David Jagneaux of IGN criticized the game, noting its cookie-cutter missions, lack of multiplayer, lifeless open world, lack of substantial story content, unenthusiastic voice acting, repetitive content, and lack of good AI pathfinding. The game was also praised for the newfound spectacle of battle, character swapping, and the mindless fun the game was able to provide. GameSpot praised the game for its empowering melee combat, epic story, peaceful open world, and character designs, while lamenting the presence of several graphical and technical issues, lack of combat depth, and the need to repeat missions when swapping characters.

The Japanese magazine Famitsu was more positive and scored the game 9/9/9/8, for a total of 35/40.

Aggregate score
| Aggregator | Score |
|---|---|
| Metacritic | (PC) 57/100 (PS4) 65/100 (XONE) 56/100 |

Review scores
| Publication | Score |
|---|---|
| Destructoid | 6.5/10 |
| Famitsu | 35/40 |
| GameSpot | 7/10 |
| Hardcore Gamer | 3.5/5 |
| IGN | 5.8/10 |
| Push Square | 5/10 |

=== Sales ===
Dynasty Warriors 9 sold 117,495 copies on PlayStation 4 within its first week on sale in Japan, which placed it at number 2 on the all format sales chart.

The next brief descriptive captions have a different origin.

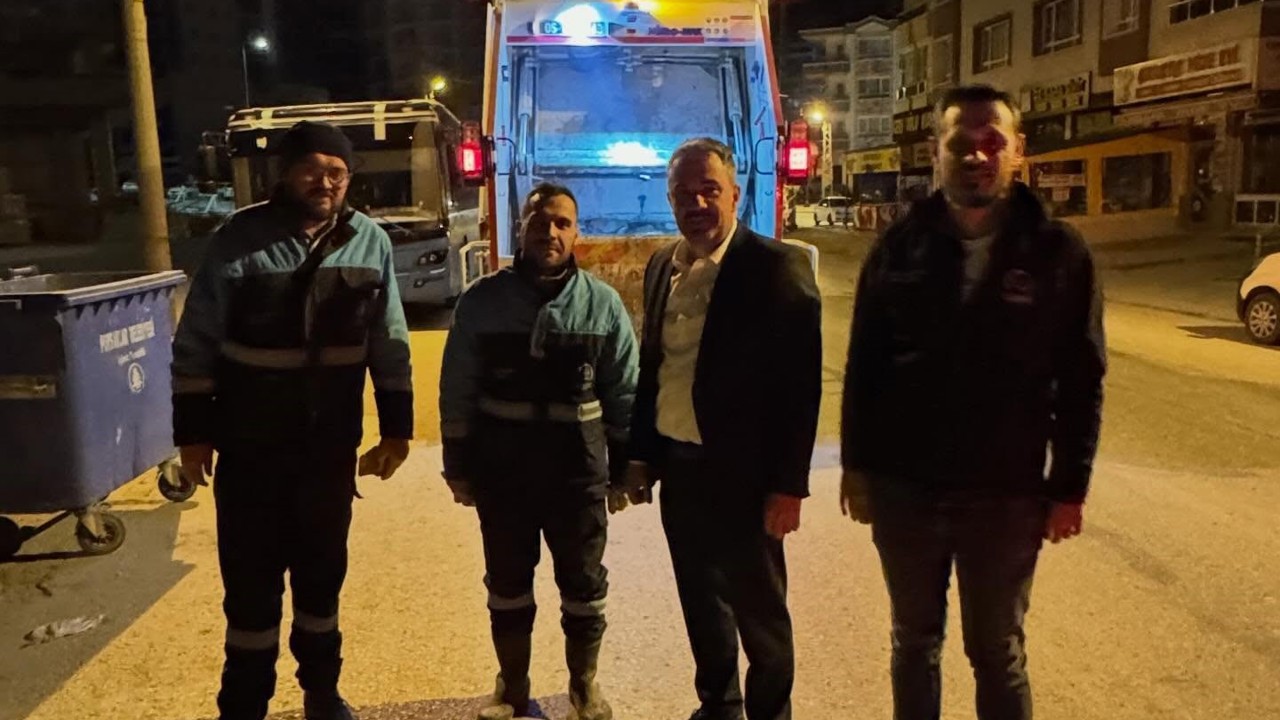 Pursaklar Belediyesi, temizlik için 24 saat sahada
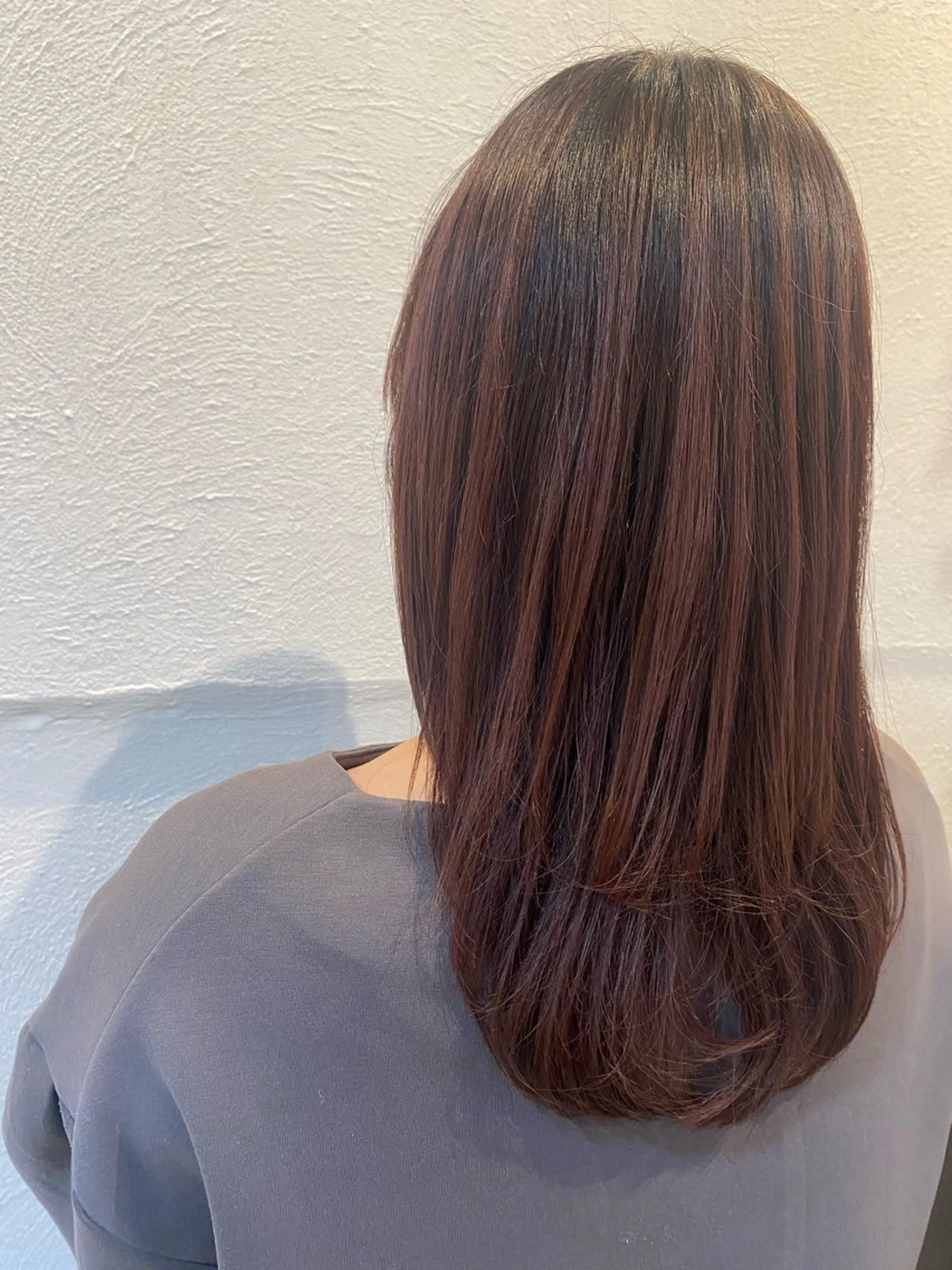 ロング カラー 透明感カラー コテ巻き風パーマ🫶 竹内七渚のヘアスタイル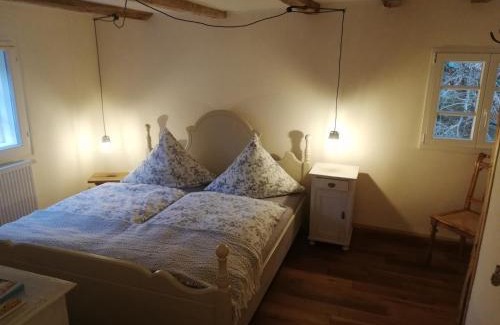 Burg an der Wupper Apartment | Family-Friendly Ferienwohnung Am Schloßberg - Rated 9.5/10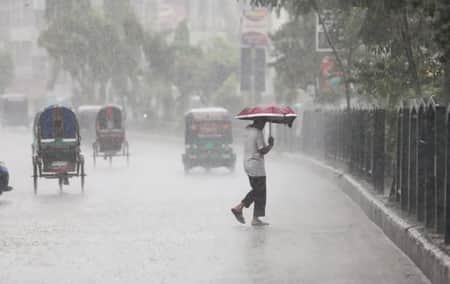 সাগরে লঘুচাপের প্রভাবে ভারী বর্ষণের পূর্বাভাস Heavy Rain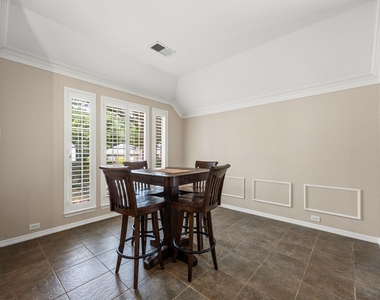221 Freedom Court - Photo Thumbnail 4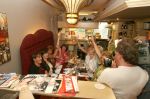 Amsterdam, 24 Juni 2006 Ontmoeting tussen Gerard Joling en een grote fan van hem Rita Verdonk met haar moeder en zussen
Eerst worden er voor iedereen handtekeningen uitgedeeld.
©Foto Peter Smulders BV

The Empires expansion, on the other hand, sold a combined 42,108 copies on PlayStation 4, PlayStation 5, and Nintendo Switch within its first week on sale in Japan.

==Expansion==
Koei Tecmo announced an expansion titled Dynasty Warriors 9: Empires on September 27, 2020. Like previous Empires expansions, it is focused more on strategy than the typical hack and slash, with the goal of uniting China under one banner through diplomacy and siege battles. It was released for the PlayStation 5, PlayStation 4, Xbox Series X/S, Xbox One, Nintendo Switch, and Microsoft Windows, making it the first Warriors game to be released for a ninth-generation console. An early 2021 release window was originally planned, but Koei Tecmo later announced a delay to December 2021 for Japan and February 2022 in the West. Unlike the original Dynasty Warriors 9, this spin-off is not open world but uses many assets from the open world in its gameplay.